» AIM OF THE TASK: Word for word and without images, transcribe all of the records.

━━━

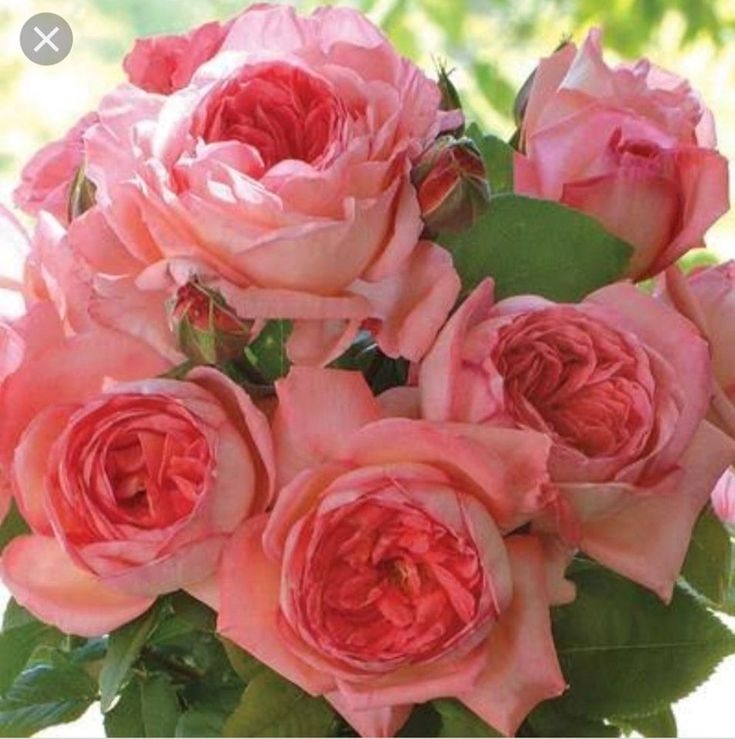 Роза Лив Тайлер 3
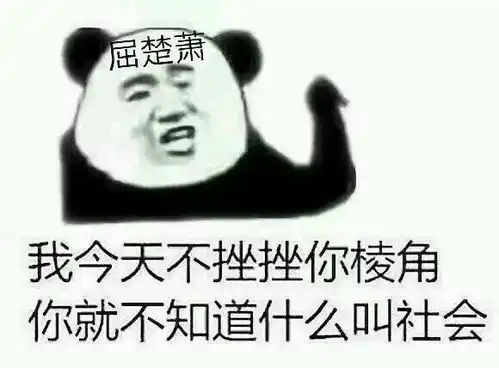  追星女孩的沙雕表情包合集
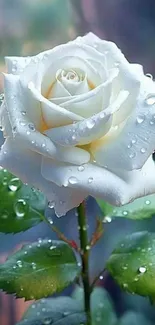 White rose with dew drops on green leaves, set against a soft-focus background.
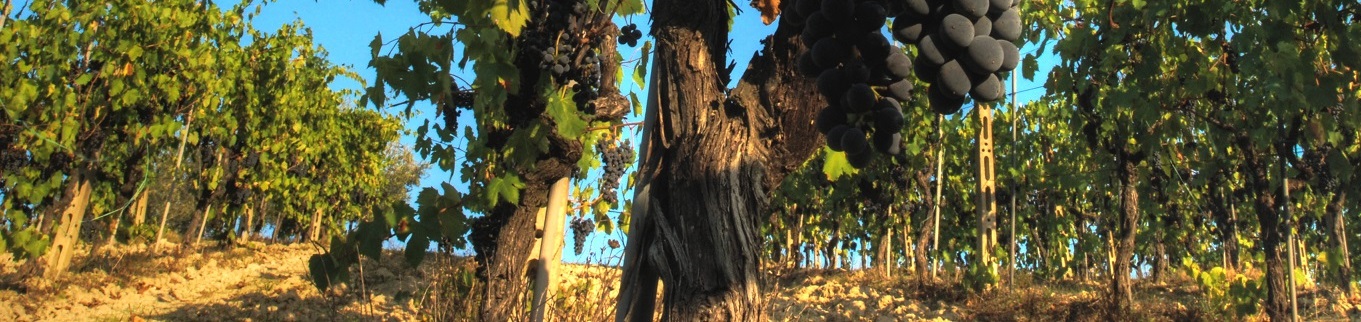 Machine Learning + Wine
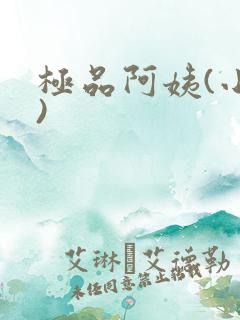 极品阿姨(小说)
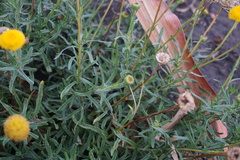 Leiocarpa brevicompta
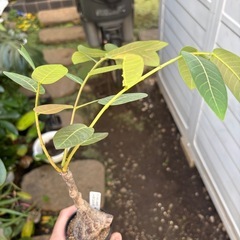 フィランサス　ミラビリス　観葉植物　塊根植物　多肉植物　ビザールプランツ　レアプランツ　ガーデニング　植物　グリーン　趣味　盆栽　葉　花　庭　草　インテリア　おしゃれ　飾り　園芸　の画像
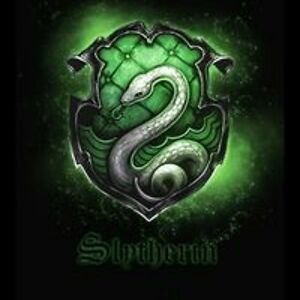 ginnyrose2007 avatar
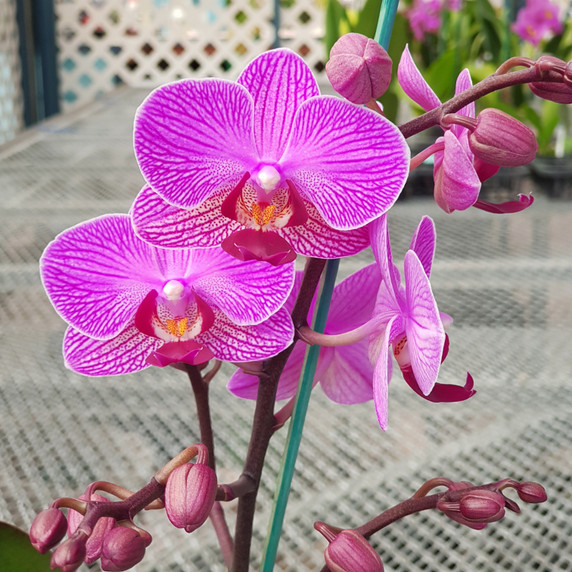 Phal. Perceval (Mini Phal) Phal. Perceval (Mini Phal)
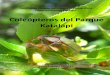 Coleópteros del Parque Katalapi - Cerambycidaecerambycidae.cl/bibliografia/Coleopteros del Parque Katalapi 2013.pdf · La larva es bastante robusta, de coloración blanco cremosa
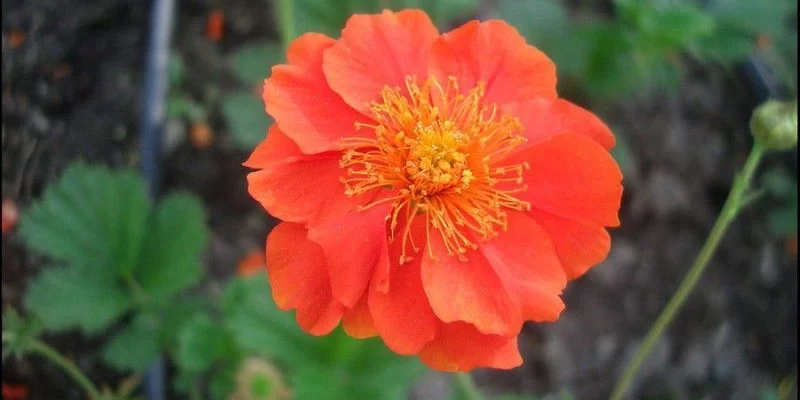 GEUM coccineum 'Borisii' - Benoîte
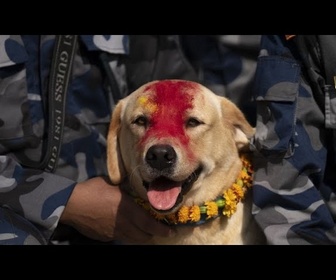 Replay No Comment : les chiens du Népal célébrés lors du festival de Kukur Puja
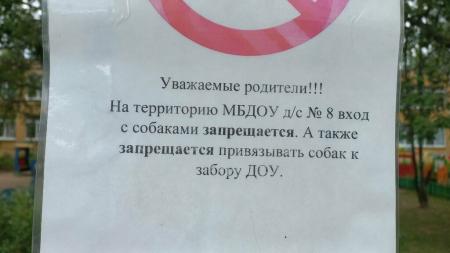 Фотография Детский сад № 8 5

━━━

» RESULT FOR THIS EXERCISE:
 Роза Лив Тайлер 3
  追星女孩的沙雕表情包合集
 White rose with dew drops on green leaves, set against a soft-focus background.
 Machine Learning + Wine
 极品阿姨(小说)
 Leiocarpa brevicompta
 フィランサス　ミラビリス　観葉植物　塊根植物　多肉植物　ビザールプランツ　レアプランツ　ガーデニング　植物　グリーン　趣味　盆栽　葉　花　庭　草　インテリア　おしゃれ　飾り　園芸　の画像
 ginnyrose2007 avatar
 Phal. Perceval (Mini Phal) Phal. Perceval (Mini Phal)
 Coleópteros del Parque Katalapi - Cerambycidaecerambycidae.cl/bibliografia/Coleopteros del Parque Katalapi 2013.pdf · La larva es bastante robusta, de coloración blanco cremosa
 GEUM coccineum 'Borisii' - Benoîte
 Replay No Comment : les chiens du Népal célébrés lors du festival de Kukur Puja
 Фотография Детский сад № 8 5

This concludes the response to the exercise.